Alex Gourevitch has written a thoughtful and well-informed essay about the general strike, Whose Strike? The essay begins with an essential cautionary tale -- an overview of the violent history of strike repression in the U.S.
This historical background is important. For one thing, it may help to dispel the misleading cries about the intrusion of a presumably un-American "fascism." Violent repression of labor activism is as American as cherry pie. But Gourevitch's point is not that a general strike is too risky to consider. It is that because it is so risky, it cannot be taken lightly:
In the past, workers stayed out on those strikes, even fighting the state, in part because of dense, historically developed, cultures of solidarity; established traditions of militancy; organized, if not always recognized, unions; and long connections with left-wing organizers. These days, the appetite for fighting the state is next to nil, there is no tested public sympathy for labor actions, and there are no clear organizations standing ready to lead.
If you’re going to ask people not just to risk losing their jobs but potentially face the armed apparatus of the state, there had better be preparation, leadership, and some evident readiness for mass labor actions.
Not to mention, there had better be a recognizable goal. But what is the point of the proposed general strike?
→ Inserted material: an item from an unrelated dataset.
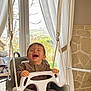 child, toddler, laughing, swing, indoor, window, curtains, seat, plastic, hands, smile, mouth_open, clothing, harness, stone_wall, greenery_outside, home_interior, playtime, happy, portrait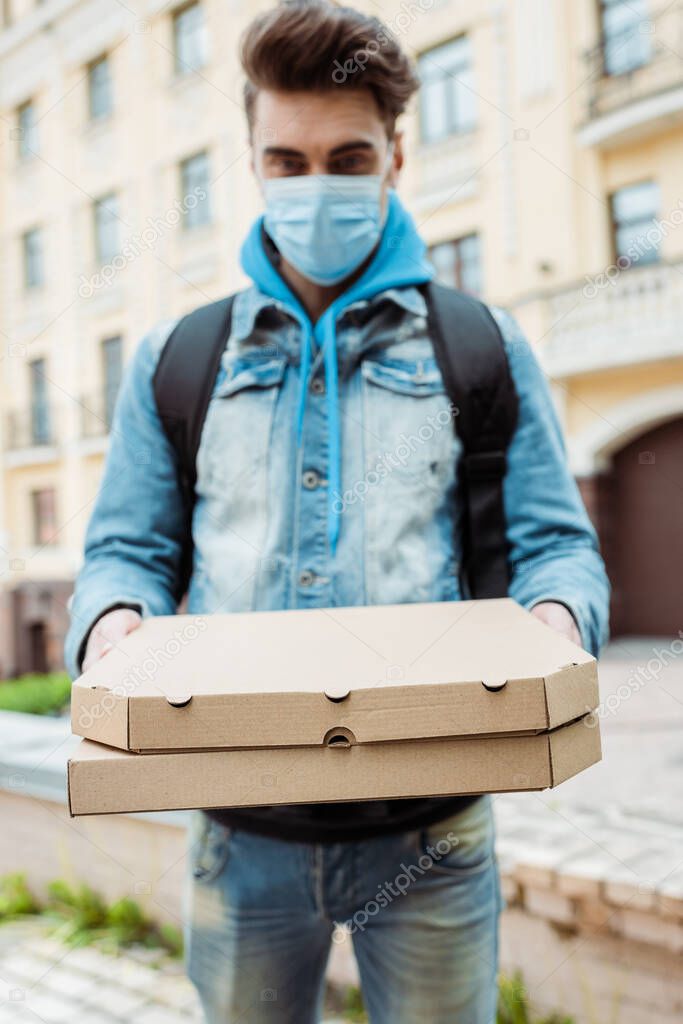 Selective focus of courier in medical mask holding cardboard pizza boxes on urban street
To say down with Trump? What, so we can have Pence?
Or is the point just a generalized ‘No’? A massive expression of discontent? None of the significant costs of a general strike are worth it if it’s just a grand gesture of refusal.As to what should be that recognizable goal. I have a few suggestions: 1. abolition of the wages system and 2. direct democracy. Those two phrases are shorthand. They refer to a complex analysis, not to whatever image or association is evoked by the words in the phrase. Abolishing the wages system and direct democracy are processes, not proclamations.